Whether or not your community uses outside professionals, when a homeowner becomes a board member, he/she assumes certain obligations as a director that must be carried out in the best interests of the association.

  1. Fiduciary Duties. Directors are held to a higher standard and must fulfill their duties of loyalty and due diligence.
  2. Confidentiality. Directors have a duty of confidentiality, i.e., there are matters that directors must keep in confidence.
  3. Board Meetings. Attend and participate in meetings so they can be informed about the association’s business.
  4. Maintenance. Maintain the common areas on behalf of the membership (Civ. Code § 4775)
  5. Rules Enforcement. Enforce the governing documents via warnings, hearings, fines, suspension of privileges, and litigation. 
  6. Financial Management. Boards are obligated to collect assessments necessary to properly maintain the property and enforce the governing documents. (Civ. Code § 5600.) To that end, they must prepare budgets, levy and collect assessments, pay bills, review financial records, and prepare year-end financial statements.
  7. Operational Management. Manage the day to day operations of the association. This includes retaining (as needed) management services, legal services, landscape vendors, pest control, operating amenities (pools, tennis courts, clubhouses, equestrian facilities, golf course, etc.), purchasing insurance, etc.

Authority to Perform Duties. To carry out their duties, boards have authority as provided by the governing documents and statute. Directors must perform their duties as fiduciaries.

Duties of President

Unless an association’s governing documents state otherwise, the president is elected by fellow directors, not by the membership, and serves at the pleasure of the board. (Corp. Code §7213.) 

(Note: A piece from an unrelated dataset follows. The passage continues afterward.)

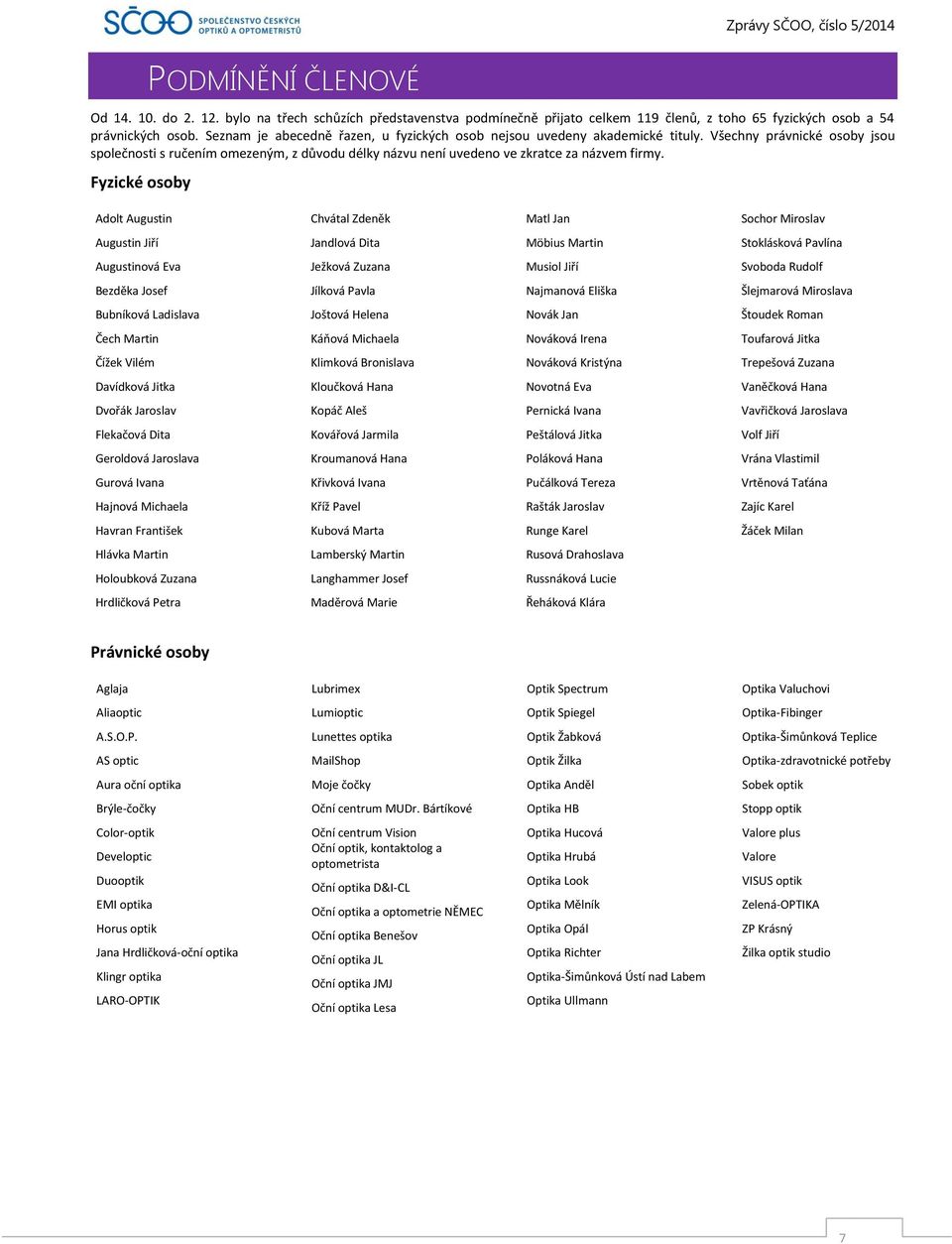 Fyzické osoby Adolt Augustin Chvátal Zdeněk Matl Jan Sochor Miroslav Augustin Jiří Jandlová Dita Möbius Martin Stoklásková Pavlína Augustinová Eva Ježková Zuzana Musiol Jiří Svoboda Rudolf Bezděka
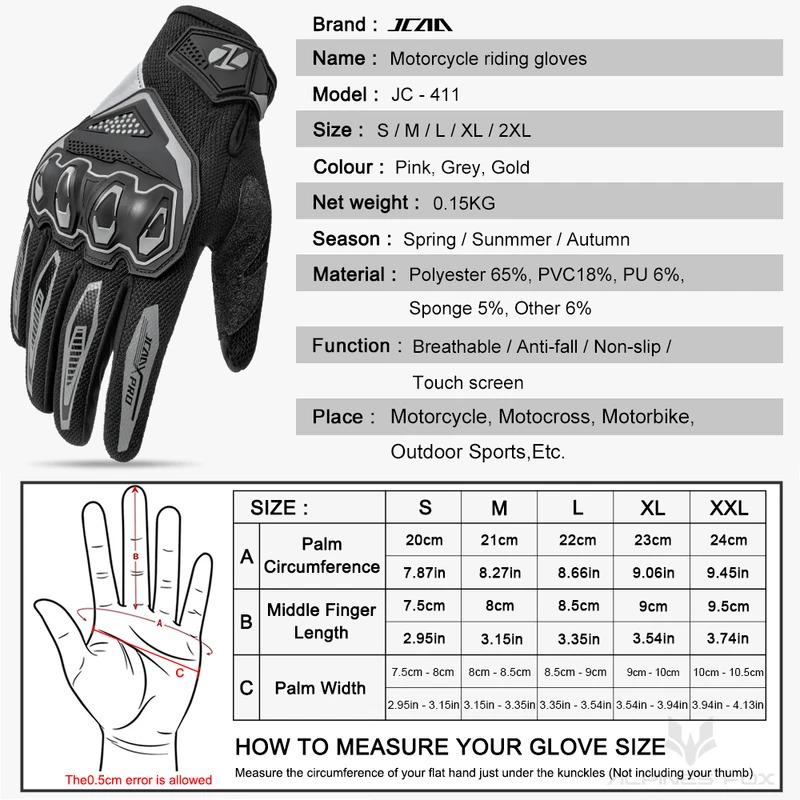 Summer Motorcycle Gloves Dirt Bike Items Full Finger Accessory Touch Screen Compatible Unisex for Moto Riding Cycling Guantes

Duties. Unless otherwise provided in the bylaws, a president’s duties generally include:

  • presiding over board and membership meetings,
  • serving as liaison between management and the board,
  • prepare the meeting agendas
  • serving as liaison between the association’s attorney and the board,
  • serving as general manager and overseeing day-to-day matters, such as meeting with vendors, soliciting bids, etc. (unless a manager has been hired to handle those duties),
  • serving as an ex officio member of committees.

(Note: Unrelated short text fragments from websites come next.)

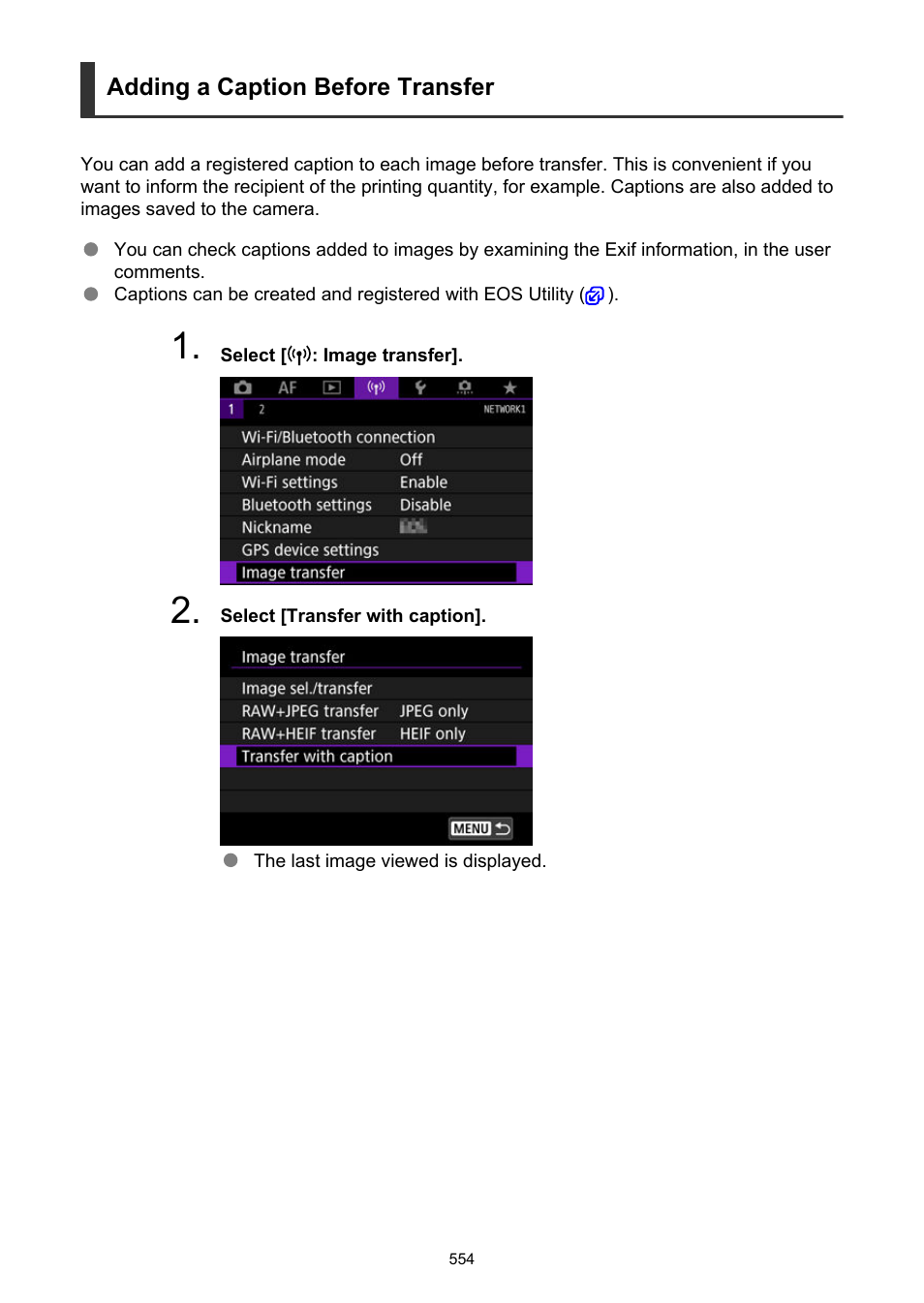 Adding a caption before transfer | Canon EOS R5 C VR Creator Kit with RF 5.2mm f/2.8 Dual Fisheye Lens User Manual | Page 554 / 787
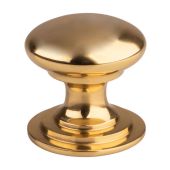M47D - Carlisle Brass Fingertip Design Victorian Knob 42mm Polished Brass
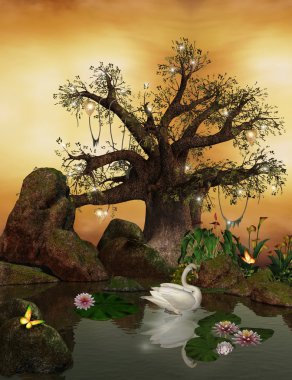 Magic pond in the middle of the forest clipart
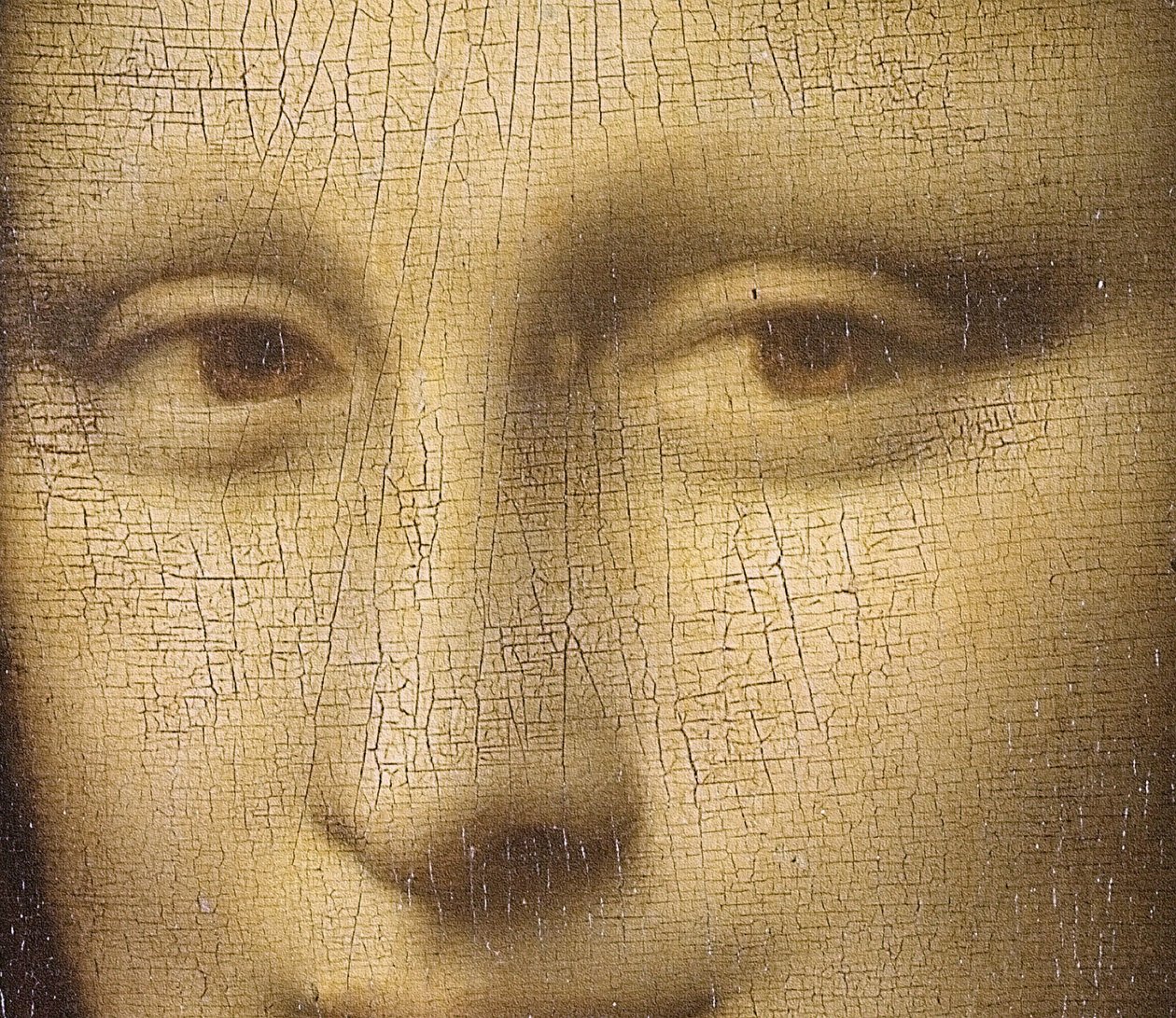 Mona Lisa, ca. 1503-6 (detalj av 3179) av Leonardo da Vinci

No Veto Power. The president cannot veto board decisions.

Duties of Vice President

The person selected by the board to serve as vice president serves at the pleasure of the board. The bylaws should describe the duties of the vice president. Normally, those duties are as follows:

  • performs the duties of the president in the president’s absence; and
  • may be called upon by the president to share some of the president’s duties.

Duties of Treasurer

Treasurers do not have unlimited authority over the association’s monies. Unless the governing documents provide otherwise, a treasurer’s duties are as follows:

  • oversee the association’s operating account and reserve account,
  • keep and maintaining the association’s financial documents,
  • oversee the deposits,
  • oversee investments,
  • ensure that bills are paid,
  • oversee the preparation of the budget,
  • ensure that a report of financial transactions are made to the board,
  • ensure that a reserve study is prepared,
  • serve as the board’s liaison with the association’s auditor,
  • review and implement safeguards to protect the association’s financial assets,
  • ensure that tax returns are filed on time, and

The treasurer can delegate many of his/her duties to the manager, management company, or an assistant, but must oversee the work.

Duties of Vice President

The person selected by the board to serve as vice president serves at the pleasure of the board. The bylaws should describe the duties of the vice president. Normally, those duties are as follows:

  • performs the duties of the president in the president’s absence; and
  • may be called upon by the president to share some of the president’s duties.

Duties of the Secretary

Unless the governing documents provide otherwise, a secretary’s duties are as follows:

  • oversee giving notice of board and membership meetings,
  • ensure that minutes of meetings are taken and approved (can use assistant),
  • sign a copy of the final, approved minutes,
  • oversee the preparation of the membership list,
  • file appropriate documents with the Secretary of State,
  • as custodian of records, ensure that the association’s records are maintained, and

The secretary may delegate many of his/her duties to the manager, management company, or an assistant, but must oversee the work.

Director-Member at Large

A director at large has the same voting rights as all other directors and the role can be incredibly diverse, as its main duties can vary widely from association to association, but basically, a member-at-large serves as the intermediary between the board and the homeowners. Additionally, they may often be assigned specific projects, including positions on committees, that don’t fit neatly within the roles of other board members. In this function, members-at-large help ensure the board’s goals are met.

Being a board member is no easy task. There is a lot involved.  But, if you’re able to put the welfare of the community first, exercise good judgment, remain calm in heated situations and be committed to the community as a whole, volunteering for a board or committee position may be the right choice for you.